In order to help Americans affected by the Covid-19 pandemic, self-made billionaire Mark Cuban thinks that the government should send checks directly to Americans in need rather than providing additional funding to financial assistance programs, such as the Supplemental Nutrition Assistance Program, known as SNAP.
"I think government programs designed to meet specific issues are less efficient" than direct payments would be, Cuban tells CNBC Make It when asked to clarify his point of view. "My preference is and has been that we take those funds and others across the spectrum of approved programs and write those checks to the eligible population."
Cuban believes that direct payments "give people better control of their circumstances and have a multiplier effect to the economy." He contends that "we historically have not respected the ability of those in need to choose for themselves. We have made the government the arbiter of what they need."
According to Cuban, "the same amount of money [spent on funding assistance programs] should be given to eligible recipients, along with the stimulus amount, paid monthly."

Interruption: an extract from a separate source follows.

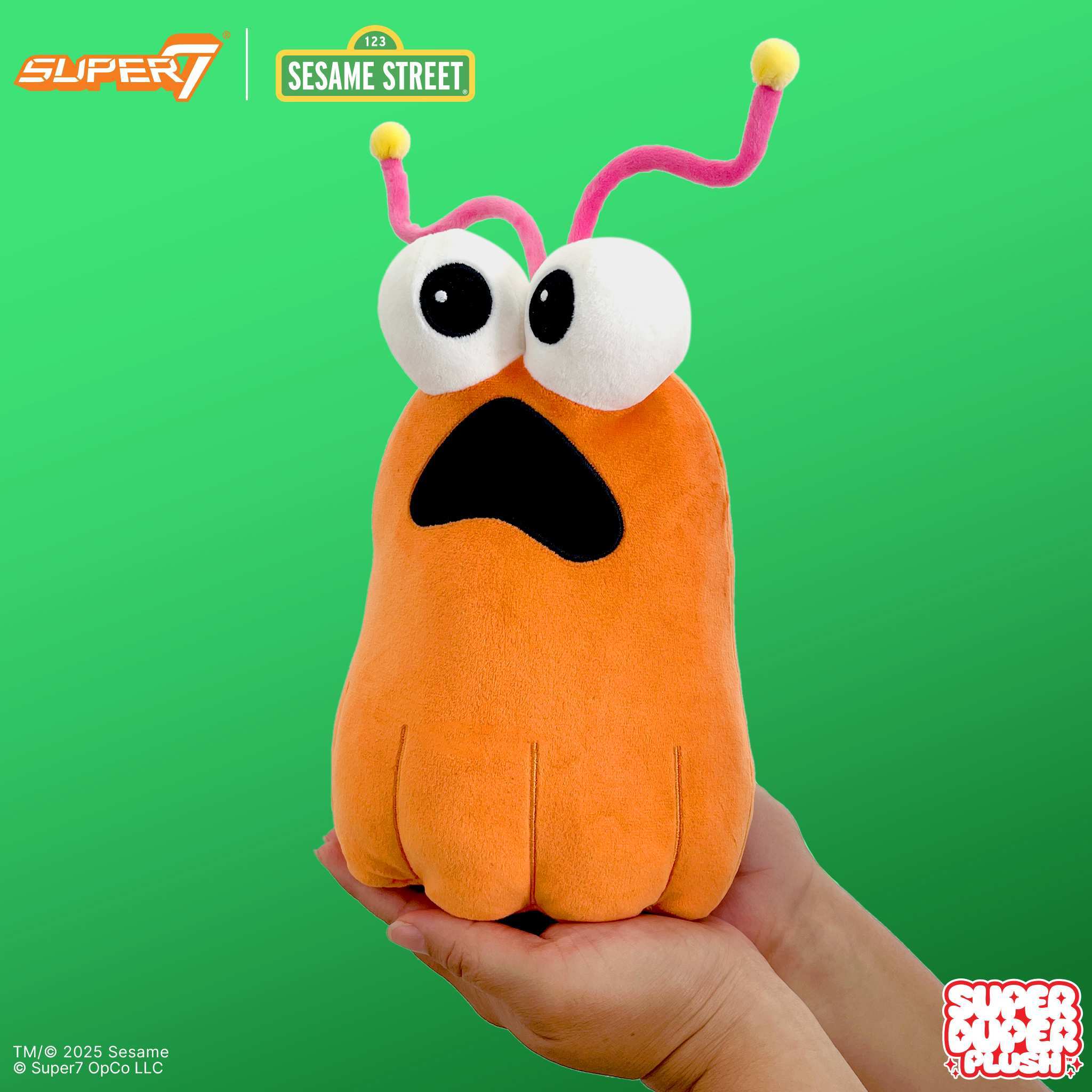 Sesame Street Super Duper Plush Wave 03 - Yip Yip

Many disagree with Cuban, however. According to economist and University of Maryland professor Melissa Kearney, solely sending direct payments and eliminating assistance programs would be harmful.

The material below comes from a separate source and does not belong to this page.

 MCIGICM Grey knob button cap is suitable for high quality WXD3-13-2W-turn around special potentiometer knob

Without programs that provide housing, health care and food, there would be a risk that "much less assistance [would] be provided to those in need," Kearney says.
In 2019, these government "safety net programs" were supported by about 8%, or $361 billion, of the federal budget, according to the Center on Budget and Policy Priorities. This does not include health insurance or Social Security benefits, but does account for SNAP benefits, Supplemental Security Income and other assistance programs.
SNAP in particular is the largest food assistance program for low-income Americans, according to the USDA. The average monthly benefit per household member was $129 in 2019. Between February and May, the number of Americans receiving SNAP benefits grew by 17%, about three times faster than in any of the previous three months, according to The New York Times. As of July, about 43 million Americans received SNAP benefits.
Cuban argues that the first round of stimulus payments "demonstrated that this approach [of direct payments] works," but Kearney disagrees. Because the previous stimulus checks were only a one-time benefit, they can't be used as proof that continued payments would be effective, she says.
Additionally, Kearney says there are a few reasons why government programs could be more beneficial than direct payments.
First, some individuals may struggle to decide how to best spend the cash they receive. "They could wind up with insufficient health care, housing or food," Kearney says.
Specific programs can also benefit children, who typically don't have any say in how incoming money is spent, by ensuring that resources go directly to food, housing or other basic needs.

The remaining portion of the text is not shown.